NZSM: All reports point to a lack of skilled professionals in the cyber security labour market and a lack of graduates being produced by training programs. What are your thoughts on this?
JM: Our understanding of the current market is that there is a high demand for cyber security practitioners and looking across the recruitment agencies you can see that on both the commercial and government sides.
There is a lack of these specialists available in New Zealand, and worldwide there is a huge shortage. The latest statistics are pointing to the fact that by 2022 there will be 1.8 million unfilled cyber security jobs. This is why in IBM we’re actually advocating more of a ‘new collar’ approach to security hiring.
NZSM: What initiatives are you aware of in terms of addressing that challenge in the government and private sectors?
JM: From an IBM perspective, we are trying to change the perception of where the talent comes from away from the traditional methods. We’re using a ‘new collar’ approach, which is characterised by new employee profiles, new roles and new relationship perspectives. A recruit needn’t have a degree, but they obviously need to have an aptitude towards security and a mindset that puts them in those roles.
This approach has already had some success, especially in our security operations centres in the US. Since 2015 these ‘new collar’ cyber security professionals have actually accounted for about 20 percent of IBM’s hiring. We’ve brought them in and placed them into a working environment, mentored them and coached them to become professionals.

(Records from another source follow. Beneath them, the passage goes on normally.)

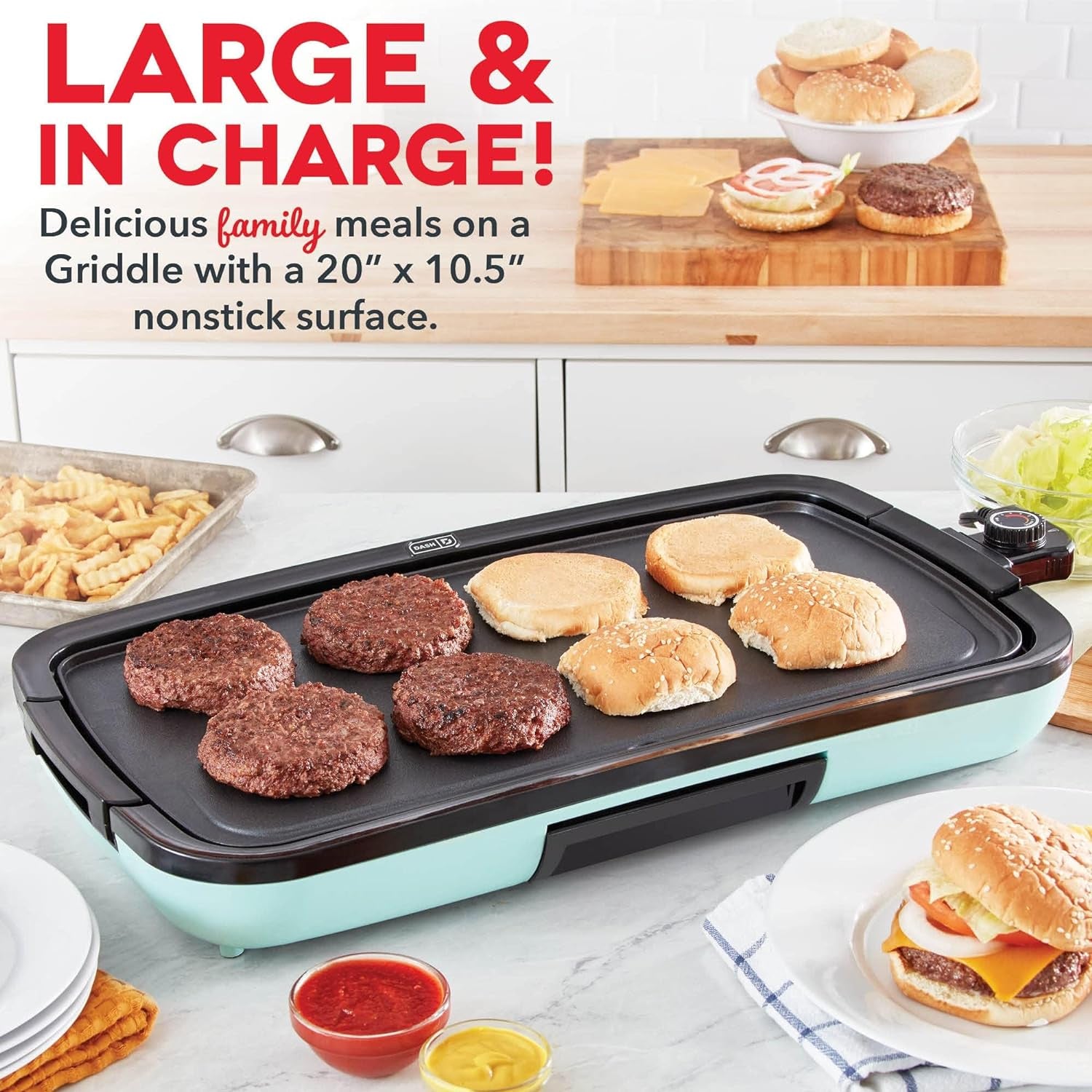 Deluxe Everyday Griddle - Electric Griddle with Removable Plate - Nonstick, Easy-Clean Surface & Anti-Slip Base - Recipe Book Included - Aqua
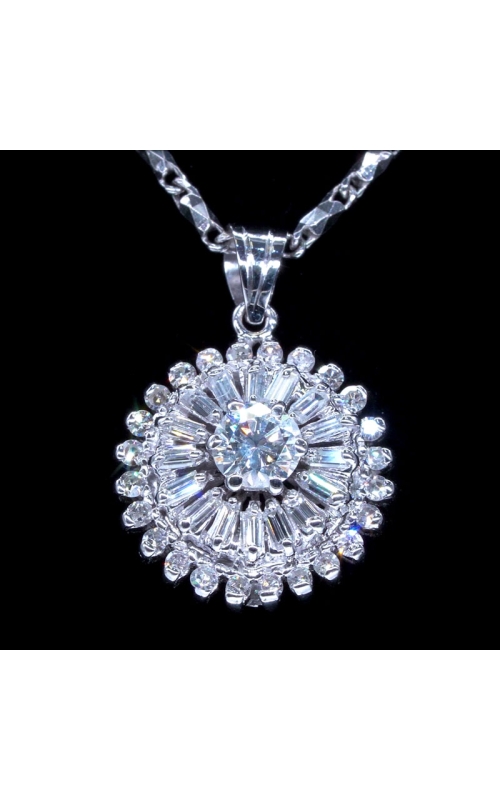 Radial Design Diamond Pendant 0.5ct center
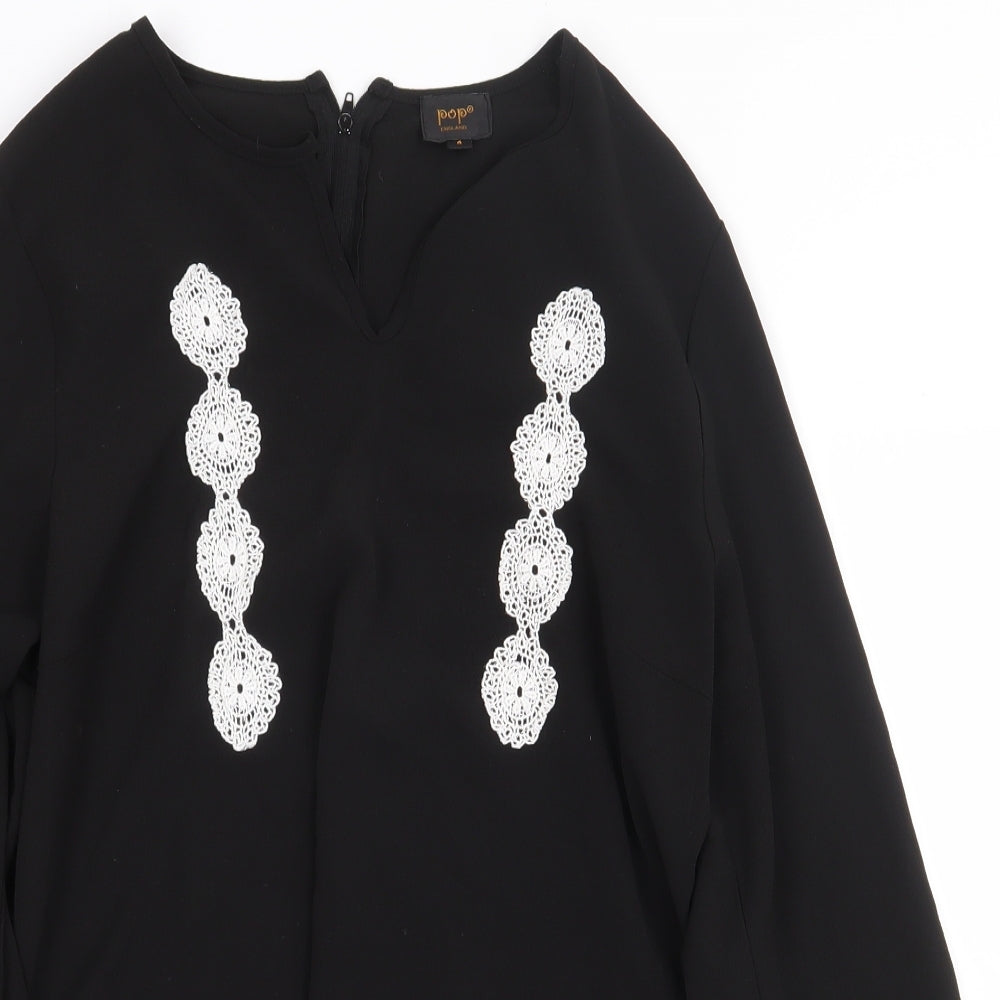 Pop England Womens Black Polyester Basic Blouse Size S V-Neck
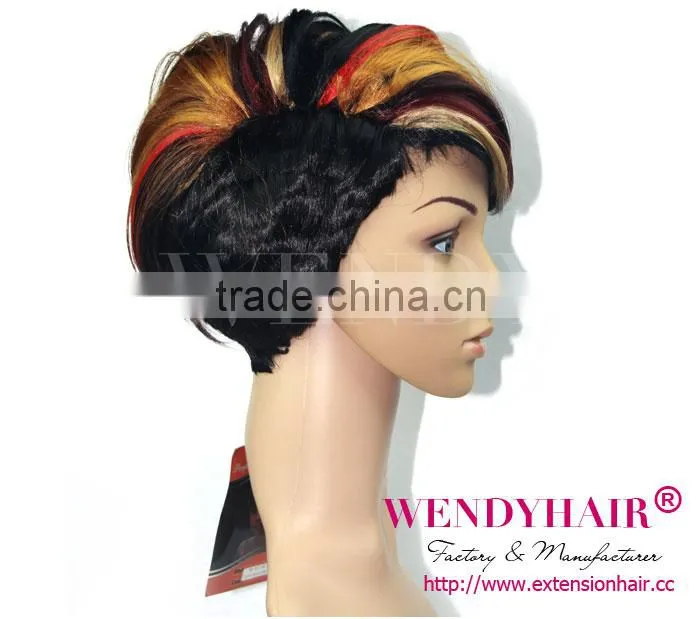 2016 synthetic hair wigs trend short hairstyles with colours synthetic wig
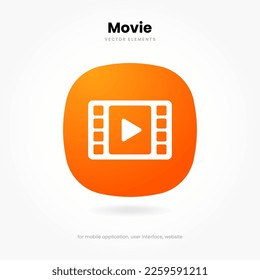 3d movie, film, movies, play button icon. Video play symbol. Start sign. Pause icon. Player logo button. Play music or sound vector element for UI UX, website, mobile app.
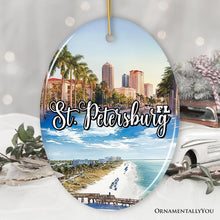 Carregar imagem no visualizador da galeria, St. Petersburg Christmas Ornament, Florida's Gulf Coast City Souvenir and Decor
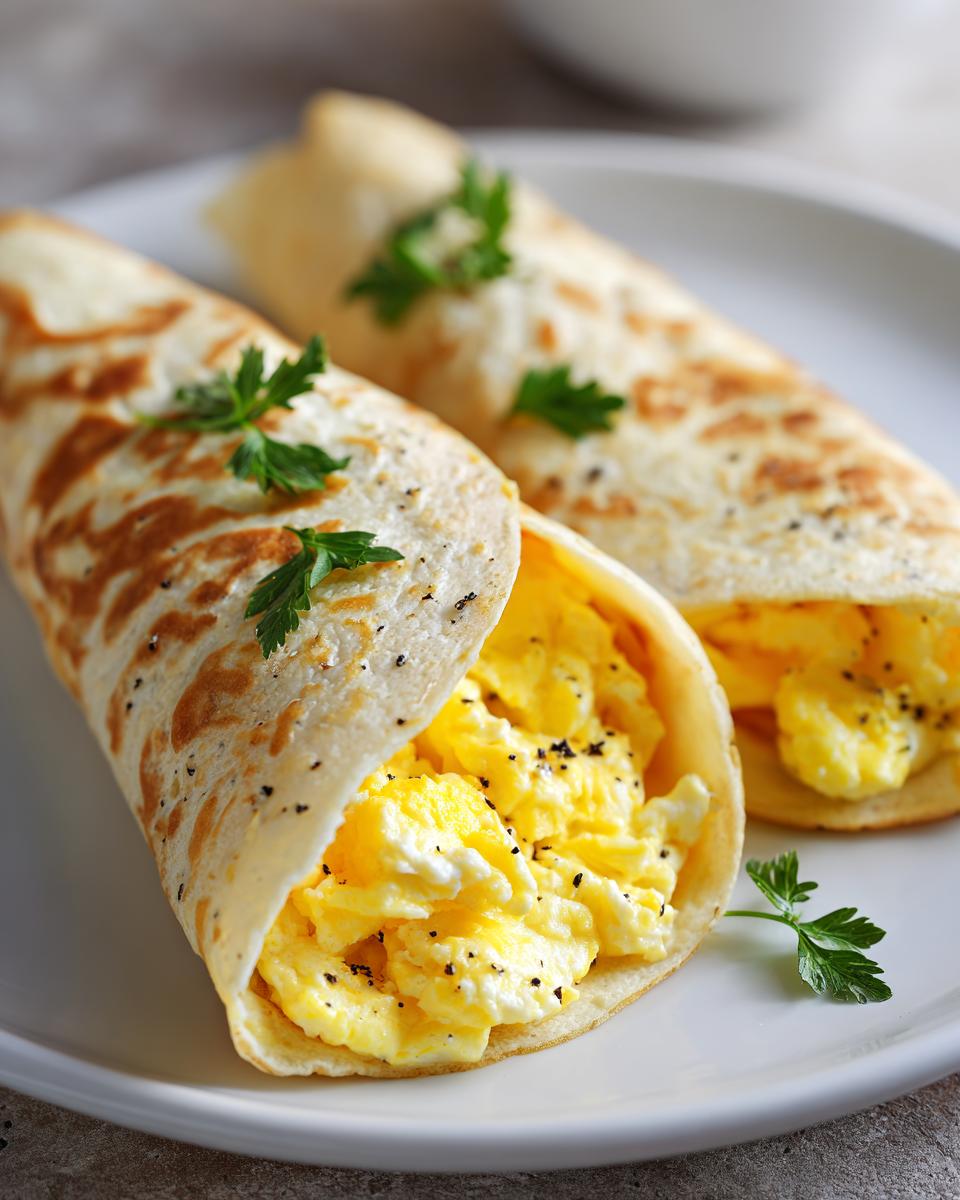 Two Ramadan tortilla egg wrap hacks filled with scrambled eggs and garnished with parsley on a white plate.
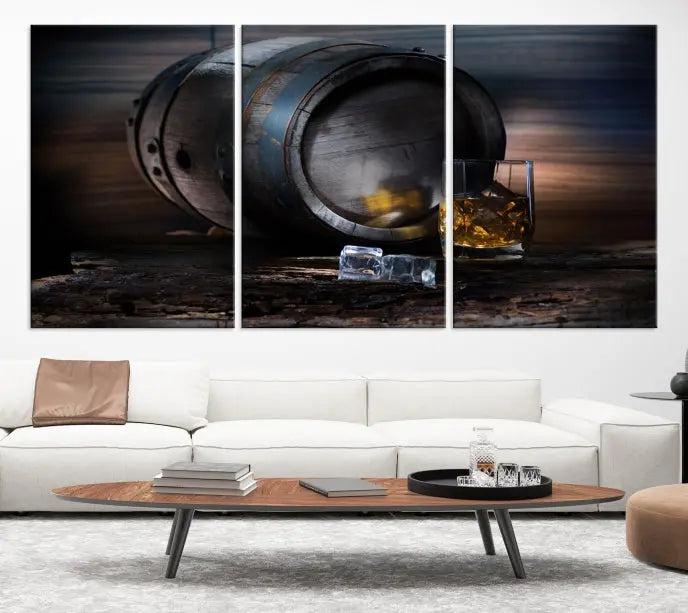 The room showcases the American Oak Whiskey Wall Art Canvas Print. This museum-quality canvas wall art, depicting a whiskey barrel and glass, comes ready to hang and is finished with a UV-protective coating for enduring elegance and style.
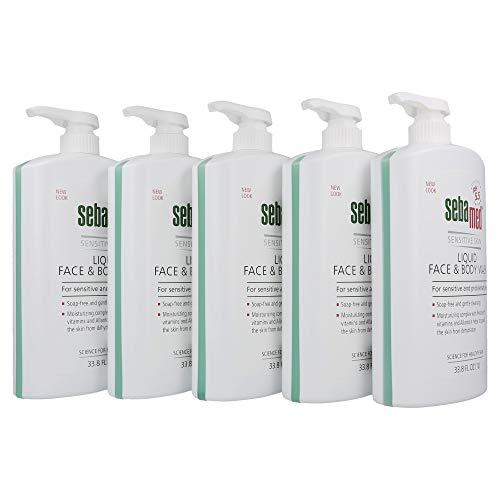 SEBAMED SEBAMED Paraben-Free Face and Body Wash With Pump for Sensitive and Delicate Skin pH 5.5 Ultra Mild Dermatologist Recommended Cleanser 33.8 Fluid Ounces (1 Liter) Pack of 5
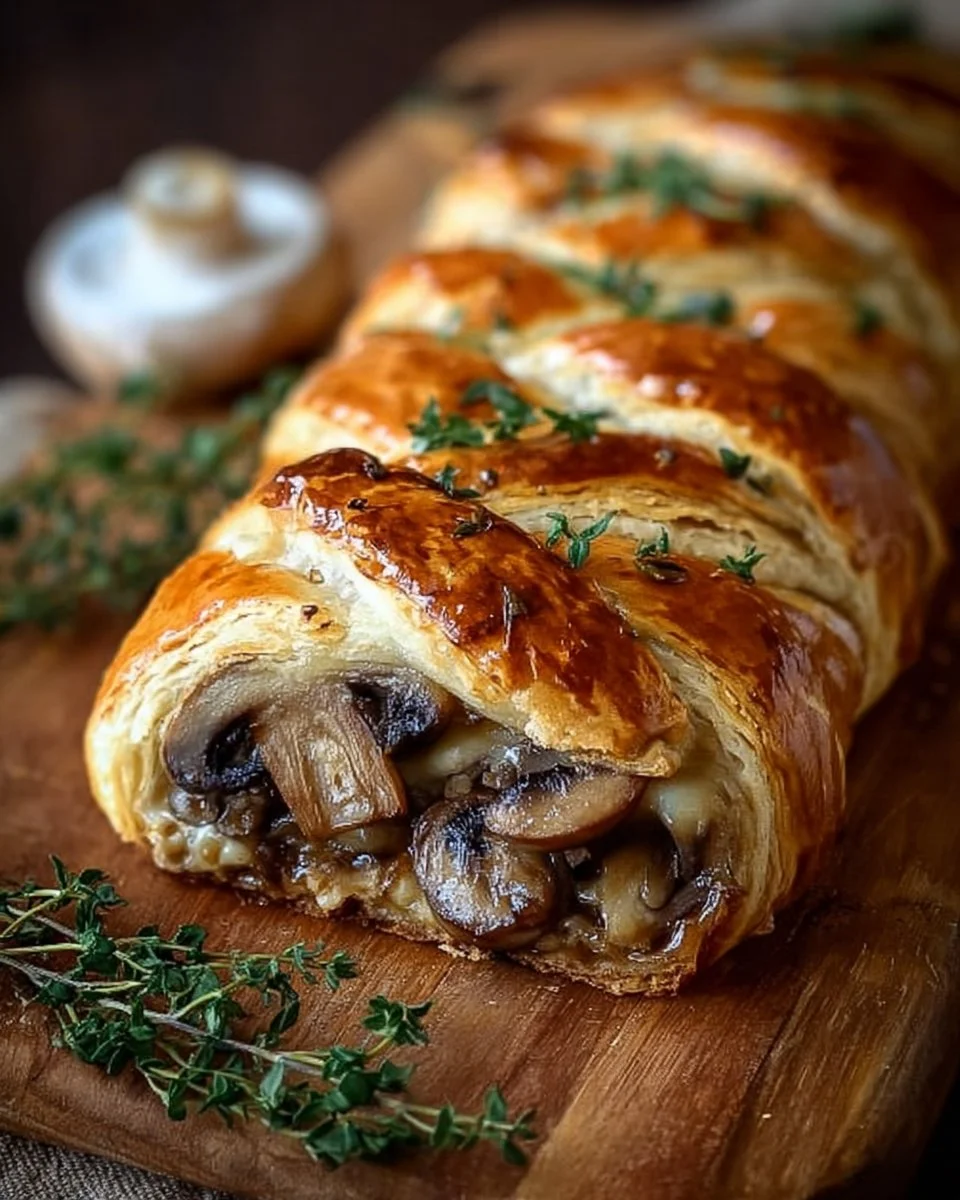 Mushroom and Gruyère puff pastry braid on a wooden table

From that perspective, we would advocate that other organisations – especially in New Zealand – redefine their hiring models to identify people with the right attributes and skills – and give them a chance.
Because we’re realising that we can’t limit ourselves to just universities, we’ve identified the need to expand to community colleges and other education programs – so we now, for example, have a relationship with Unitec. It’s really about creating new partnerships to recruit the people we need.
We’ve also placed a real emphasis on ‘micro-skills’ and earning ‘badges’ to get the skills you need rather than completing a whole degree. IBM has partnered with Acclaim, and one of the things we have in IBM is something we call the ‘Think 40’. [It’s a program in which] everybody is encouraged to do at least 40 hours of personal development per year, if not more, for our certification.
During this digital transformation that all organisations are currently facing, it’s quite dynamic and we need a new skills sets – like data science and cyber security – and we need to invest in people to get the best of people.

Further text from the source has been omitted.